The ridesharing firm announced earlier today (Jan. 4) closing a $1 billion Series F round, half a billion of which came care of GM. That brings Lyft’s total valuation up to $5.5 billion.
So why the big investment from General Motors?
According to reports, the newest investment round will go toward financing a connected network for self-driving cars.
The other half billion was, as reported last week, supplied by Saudi Prince Al-Waleed’s Kingdom Holding Company, Janus Capital Management, and previous investors Didi, Rakuten, and Alibaba.
GM has been working on self-driving vehicle technology for several years and has plans to start testing the autonomous Chevy Volts at several of their corporate campuses nationwide later this year. The tie-in with Lyft is a long-term strategic investment that will allow the two firms to create a fleet of ownerless vehicles for consumer use.
There is not official data available from GM as to when these cars might be available for consumer purchase.
“We’ve seen the growth in the ridesharing space and in particular, Lyft is growing faster than anybody else,” GM president Dan Ammann explained about the investment to TechCrunch.
“With GM and Lyft working together, we believe we can successfully implement this vision more rapidly,” Ammann said.
The pair-up also dovetails nicely with the views of Lyft CEO Logan Greene, who has noted that he does not believe consumers will individually purchase self-driving cars, but that they will be desirable to customers who don’t want to own cars so much as they want continuous access to them.

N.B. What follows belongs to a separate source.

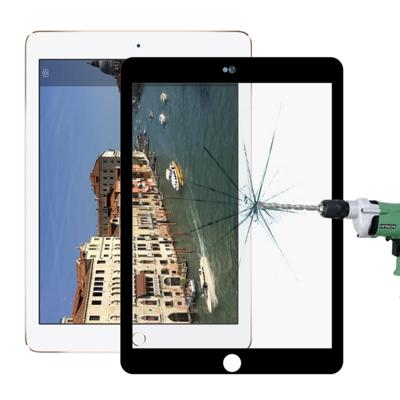 9H 10D Explosieveilig Tempered glas Film voor iPad 5 & 6 9.7 inch (zwart)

The new pair-up, however will do more than make self-driving cars eventually available at the click of button. Starting immediately, GM will also be providing Lyft drivers with “rental hubs” as providers of short-term vehicles. This move seeks to serve those who might wish to be ridesharing drivers who are unable or unwilling to take on the expense of car ownership.
Drivers who take on rentals from GM will be provided with OnStar services (emergency, security and nav services). That rental agreement for human drivers will likely disappear when Lyft and GM roll out the self-driving cars.
Lyft is not alone in the march toward a more automated future. Rival Uber is also taking on the self-driving issue, but instead of seeking out partnership with an established auto player, the world’s best capitalized ridesharing service is looking to build out its own fleet.
Which play will work better? Hard to say this early. Uber is bigger, more international, more able to expand and worth more (with a bigger bank account). But Lyft has the not inconsiderable sum of a billion dollars to work with and a pretty serious and intimidating partner in its corner. The race will be interesting, if nothing else.